Hace unos días decían en el periódico que la Tierra iba a sobrevivir a la inexorable colisión de la Vía Láctea con la galaxia de Andrómeda. Poco importa. Después de todo, dentro de 4.000 millones de años, no estaremos aquí, ni el que escribe, ni usted, que me lee. Y, posiblemente, tampoco estén los hijos de los hijos de los hijos de sus hijos. Tal vez haya acabado con nosotros y con toda la vida de este puntito, azul y pálido, —que diría Carl Sagan— perdido en medio del espacio, el impacto de algún asteroide errante o, mucho más probablemente, la mediocridad de algún iluminado de los que mueven el cotarro, y que no son, de nuevo, ni usted que me lee, ni el que escribe.
«No dejaremos huella», canta, categórico, con su argentino timbre uruguayo, Jorge Drexler.
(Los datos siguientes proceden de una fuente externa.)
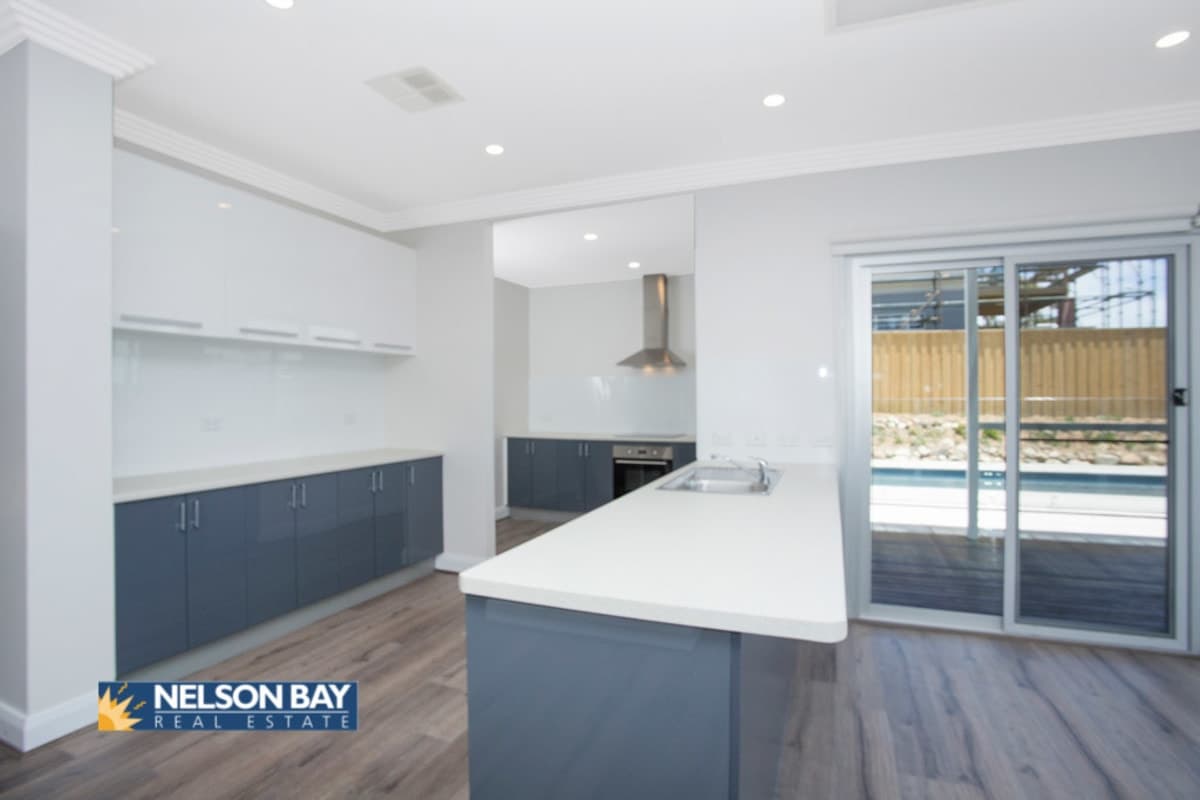 33 Mooring Avenue, Corlette NSW 2315, Corlette - Thumbnail 4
De modo que de poco vale el afán de perdurar. Toda la gloria es vana. Se acabará desvaneciendo, con toda nuestra memoria, el día que el hombre deje de ser hombre para volver a convertirse en polvo.
Hasta entonces, vamos viviendo. Y de cómo decidamos hacerlo dependerá, en última instancia, nuestra felicidad. De cómo decidamos afrontar la vida, y nada más. Al menos, así lo creo.
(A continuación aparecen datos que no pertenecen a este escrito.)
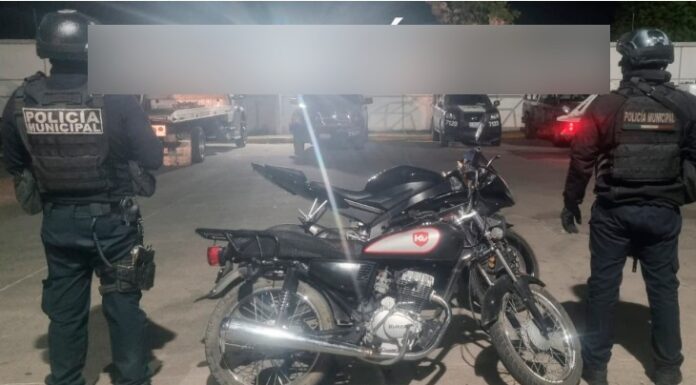 Recupera Policía 18 vehículos y detuvo a 5 personas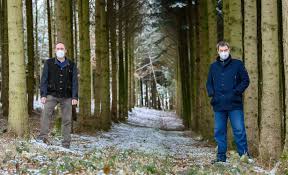 Juni spricht unter anderem bundeskanzlerin angela merkel. Markus Soder On Twitter Waldspaziergang Und Bratwurstessen Freundschaftliches Neujahrstreffen Der Bayern Koalition Daheim Am Hof Und Im Wald Von Hubertaiwanger Https T Co Ebbskc9sp1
El viernes pasado —y ya concreto— se celebró el acto de licenciatura de la promoción 2007-2012 de la titulación de Traducción e Interpretación de mi alma máter, en la que tuve el honor y el privilegio de participar como padrino.
Al término de un evento ágil, emotivo e hilarante a partes iguales, el delegado del excelentísimo señor rector magnífico decidió, en un arranque de grandilocuencia, cerrar la liturgia con unas palabras que creyó oportunas pero fueron harto desafortunadas:
«Como decía un famoso pintor», cuyo nombre no recuerdo ahora, «lo inútil es imprescindible. Por eso, en esta época en la que se da tanto valor a la tecnología y a la técnica, tiene más mérito si cabe que os hayáis decidido, precisamente, por las Humanidades. Mucha suerte».
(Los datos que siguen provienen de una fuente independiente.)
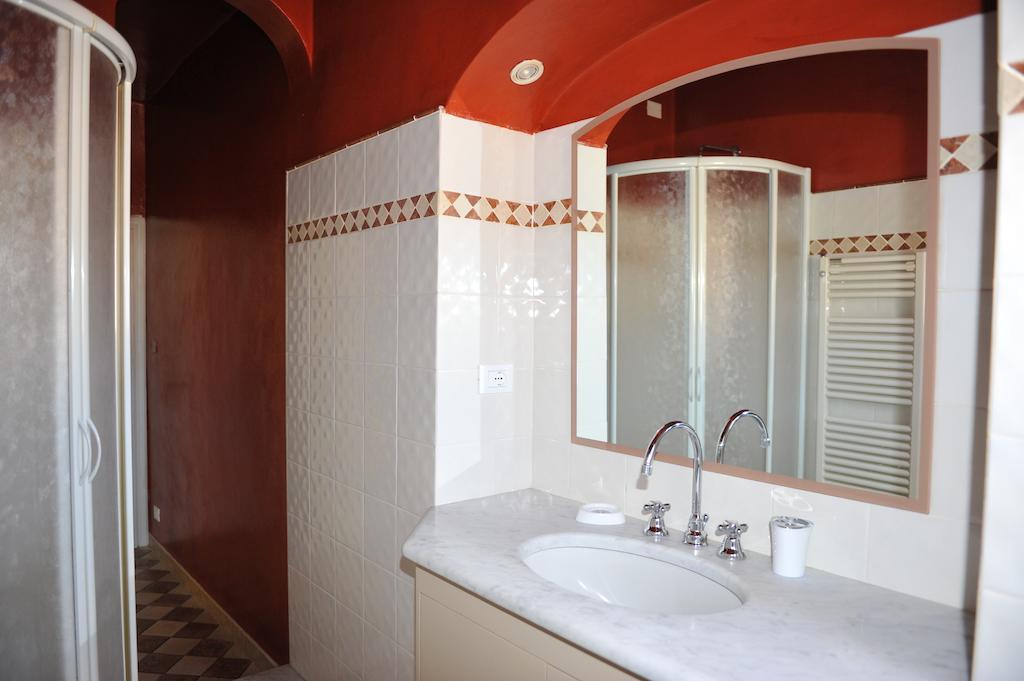 At Home Bed And Breakfast Λούκα Δωμάτιο φωτογραφία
En este mundo que nos han construido —permítanme que yo también me aferre al manido argumento de la «herencia recibida»— y del que tan difícil es escaparse tantas veces, podrán primar ciertas tendencias, ciertos valores, ciertos credos económico-sociales. Pero las visiones dominantes no son y aunque lo pretendan, ni mucho menos, verdades absolutas e incontestables.
Cuestión aparte es ya hablar representando a la institución y sin tener la más mínima idea de la relevancia de la disciplina en la que se ha formado el auditorio al que uno se dirige. Afirmar, en pleno siglo XXI, que la Traducción y la Interpretación carecen de utilidad, no supone únicamente obviar el proceso de evolución cultural que emprendió el ser humano cuando decidió bajar de los árboles para dejar de ser mono, sino ignorar por completo los intercambios que se producen a diario en nuestra sociedad contemporánea, técnica y tecnológica.
Y yo, personalmente, y qué quieren que les diga, me siento orgulloso de haberme decantado por lo inútil.